The problem is with algorithms. The challenge lies with the way that management traditionally “thinks” about BI (business intelligence) analytics, and so they (management) can use BI to figure it out.
Shocker for managers, and executives. Your teams and people are smart, and getting smarter. They do the work, so let them participate. When Harley Davidson did this a few decades ago, talked to the mechanics and the workers on the “floor” – and learned how they would manage the failing bike manufactures business, it re-invented the company into a brilliant global resurgence and brand that dominated the new “bike” culture – offering some of the most expensive and sought after motorcycles in the world. And this was learned well before algorithms could be accessed to help any business get smarter.

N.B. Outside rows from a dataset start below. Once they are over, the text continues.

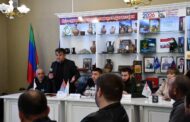 В Каспийске прошла ярмарка вакансий для ветеранов СВО: их приглашают в школы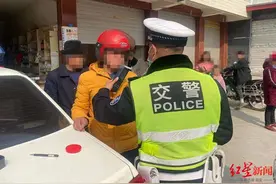 四川三台：三亲兄弟聚餐后各自驾车回家 1分钟内因酒驾再相聚图片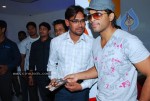 Allu Arjun visits Tata Docomo at Madhapur for Vedam Promotion - 27 of 58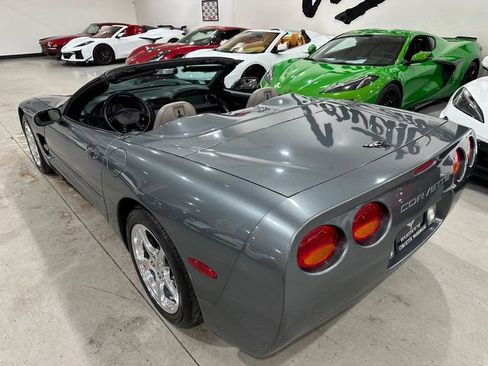 Used 2003 Chevrolet Corvette Convertible w/ Preferred Equipment Group1 RWD image 19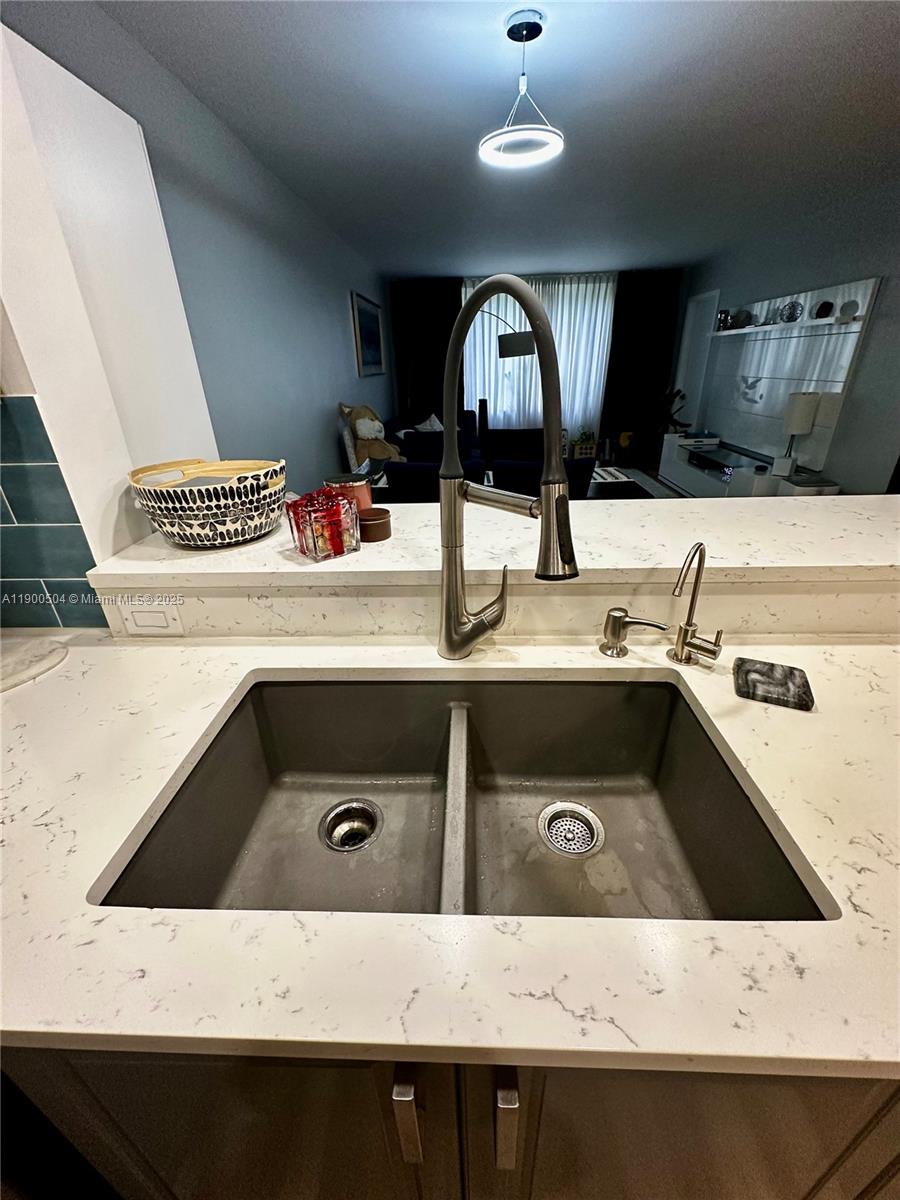 KINGS PARK GARDEN APTS CO - Residential Lease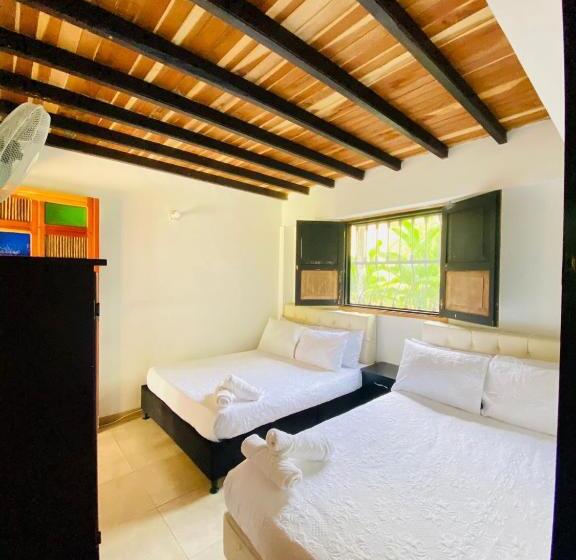 Дом 4 Спальни, West California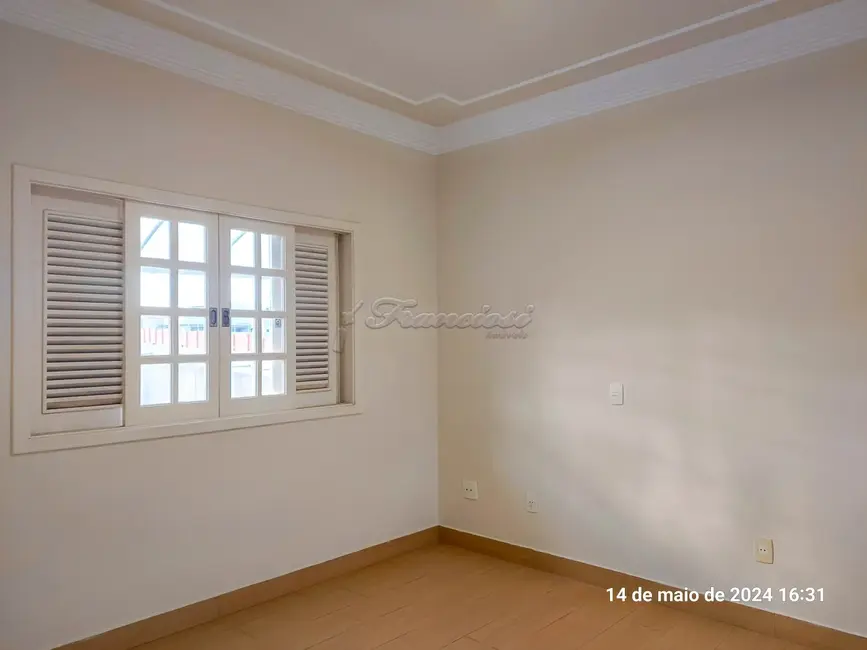 Foto 8 de Casa de Condomínio com 3 quartos para alugar, 232m2 em Jardim Marabá, Itapetininga - SP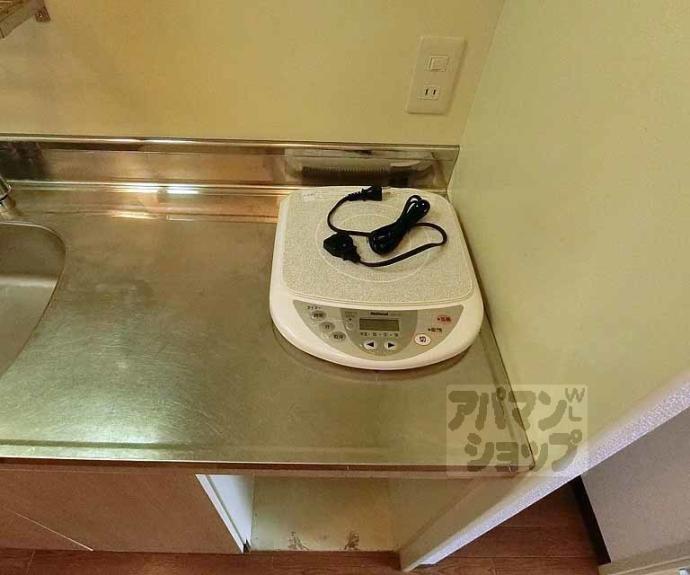 【ＤＥＴＯＭ－１烏丸二条】間取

Getting smart in our businesses is in and of itself, a process. Business is a process. A decade ago when I wrote about Business in Process Enterprise Design (BIPED) and developed the process flow algorithms that drive our Patents-Pending which drive the 1to1Real platform, I was thinking how business managers could learn more from their staffs than any Accenture type system design of the day. Today, a decade later, we are seeing the reality of algorithmic intelligence that is not going to go away. The only questions now are, how and who will become the Harley Davidson businesses, the smart ones, to grow with intelligence from the Way things actually get done the best.
Who knows, maybe even management and their techniques, will become “smarter” along with more productive teams, and better actual intelligence about what those people who make your business tick do everyday. All it takes is the right tool, available on the right devices, and a start in implementing process flows that tell about the “real” way things are getting done, and how they get done best.